La musique de Cohen n’est-elle pas une protestation contre cette attitude de Dieu ? Exalter la passion sensuelle et artistique est cette façon pour l’homme d’affirmer son appartenance au monde terrestre, à quelque chose qui lui est propre.
Mais Cohen sait finalement que sa faiblesse est trop grande. Lui qui a connu le succès et la célébrité, lui qui ne croit pas en la rédemption de l’homme, il ose tout de même, après tout, se présenter comme un serviteur, à la façon du fils prodigue : « Me voici, Seigneur » (Hineni, my Lord).

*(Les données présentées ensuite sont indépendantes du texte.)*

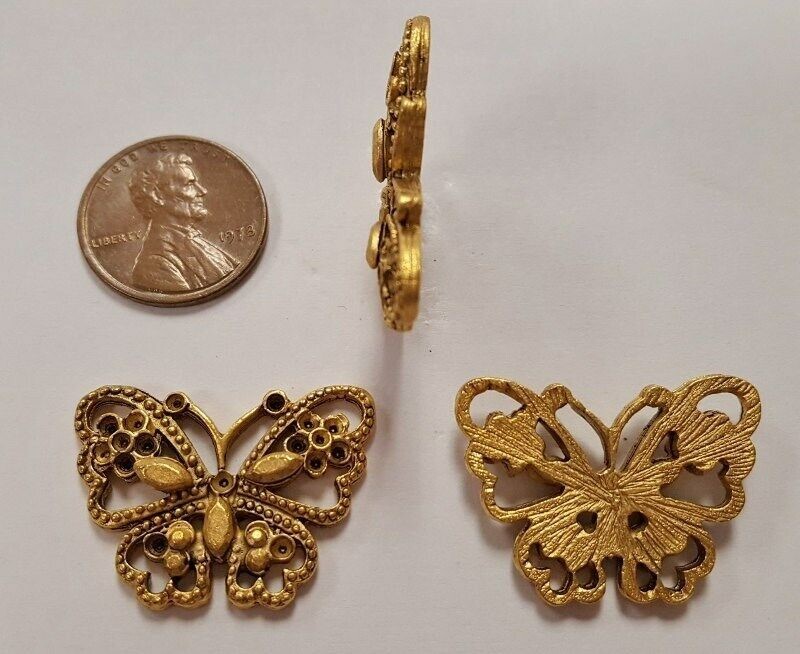 1 Retro Gold Butterfly 21x28mm. Filigree Unset Rhinestone Setting Finding E196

Ce qui arrive au cœur humain
Leonard Cohen est demeuré Juif jusqu’au bout. Si Jésus et Marx l’ont certainement séduit, c’est finalement la tradition de ses ancêtres qu’il aura conservée le plus intimement. Ainsi le dit-il dans Happens to the Heart : « Rencontrer le Christ et lire Marx/mon petit feu n’a pas pris » (Meeting Christ and reading Marx / It failed my little fire).
Exalter la passion sensuelle et artistique est cette façon pour l’homme d’affirmer son appartenance au monde terrestre, à quelque chose qui lui est propre.
C’est qu’il a d’abord vécu la tension ultime entre Dieu et le monde.
Surtout, il n’a jamais terminé son dialogue avec Dieu. Il a voulu aller au fond des choses, se frotter suffisamment à la révélation pour qu’il en sorte du sang ou des pleurs.
Il est comme ces rabbins qui, dans la yeshivah, discutent des heures durant de l’interprétation correcte de tel ou tel commandement divin.
Cohen n’avait pas beaucoup d’espoir. C’est pour lui un luxe qu’un homme, à la fin de sa vie, ne peut se payer. Est-ce à quoi on en arrive après avoir tant chanté le cœur humain et le désir de Dieu ?
La réponse est peut-être dans cette confession de Cohen : « Je n’ai eu aucun mal à parier/Pour le déluge, contre l’Arche/Vous voyez, je connaissais déjà la fin » (I had no trouble betting / On the flood, against the ark / You see, I knew about the endind).
Or, comment chercher en vérité lorsque nous connaissons déjà la fin ? Comment ne pas demeurer superficiel si nous regardons toujours le monde de haut, comme une carte ? Nous pensons déjà connaitre la fin de l’histoire : Dieu est mort.
Mais il faut tout de même la raconter cette histoire, et Cohen, par sa lucidité, sa franchise, et sa fidélité, peut inspirer dans cette tâche. Peut-être alors Dieu ressuscitera-t-il. Sinon, nous serons condamnés, pour les plus perspicaces, à un Hallelujah froid et brisé. A cold and a broken Hallelujah.